[Exercise data Boundary: Start]

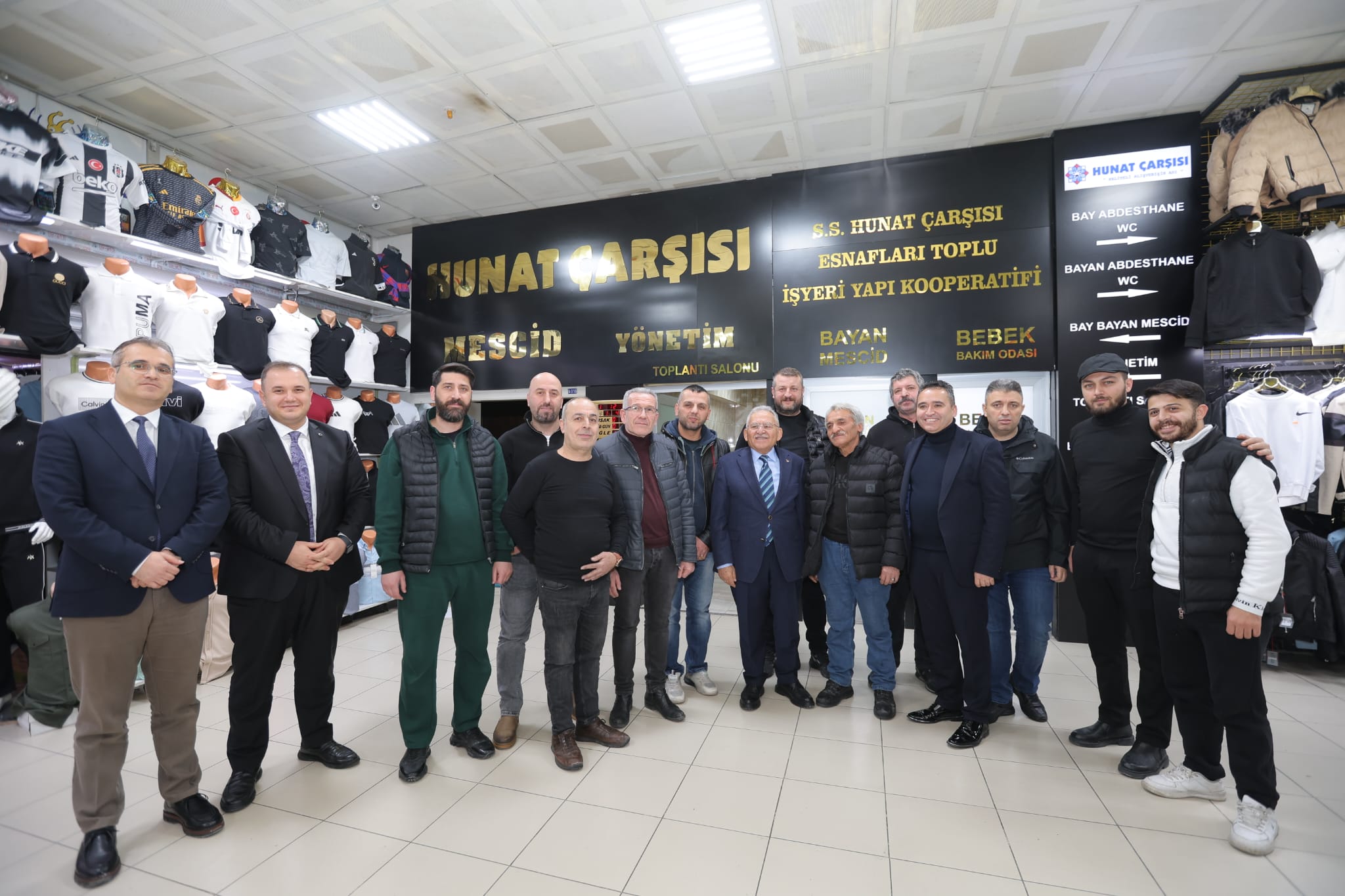 Başkan Büyükkılıç, esnaf ve vatandaşlar tarafından ilgiyle karşılandı. 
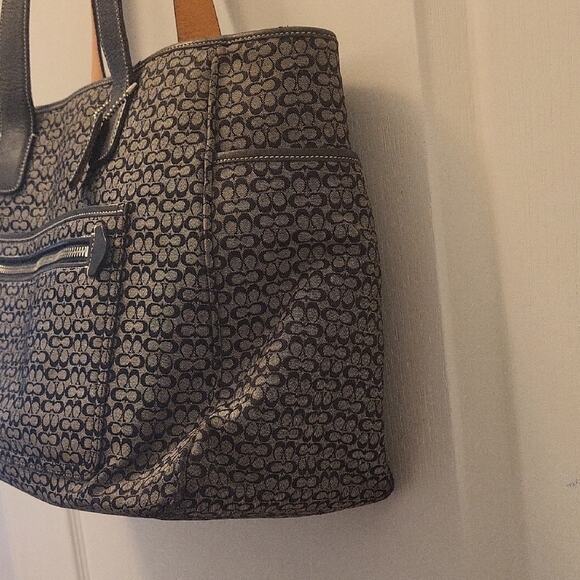 Coach Black and Gray Signature Diaper Bag 5707 Y2K Tote Shoulder Bag - Picture 4 of 16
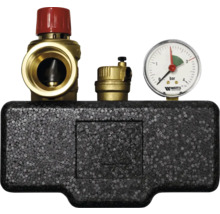 Kesselsicherheitsgruppe aus Messing mit Manometer, Sicherheitsventil und Schnellentlüfter in schwarzer Wärmedämmung.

[Exercise data Boundary: End]

- [Work task]:
The line containing "Coach Black and" and every line after it, through the end of the material above, are to be printed exactly; no pictures belong in the output.

- [Exercise output]:
 Coach Black and Gray Signature Diaper Bag 5707 Y2K Tote Shoulder Bag - Picture 4 of 16
 Kesselsicherheitsgruppe aus Messing mit Manometer, Sicherheitsventil und Schnellentlüfter in schwarzer Wärmedämmung.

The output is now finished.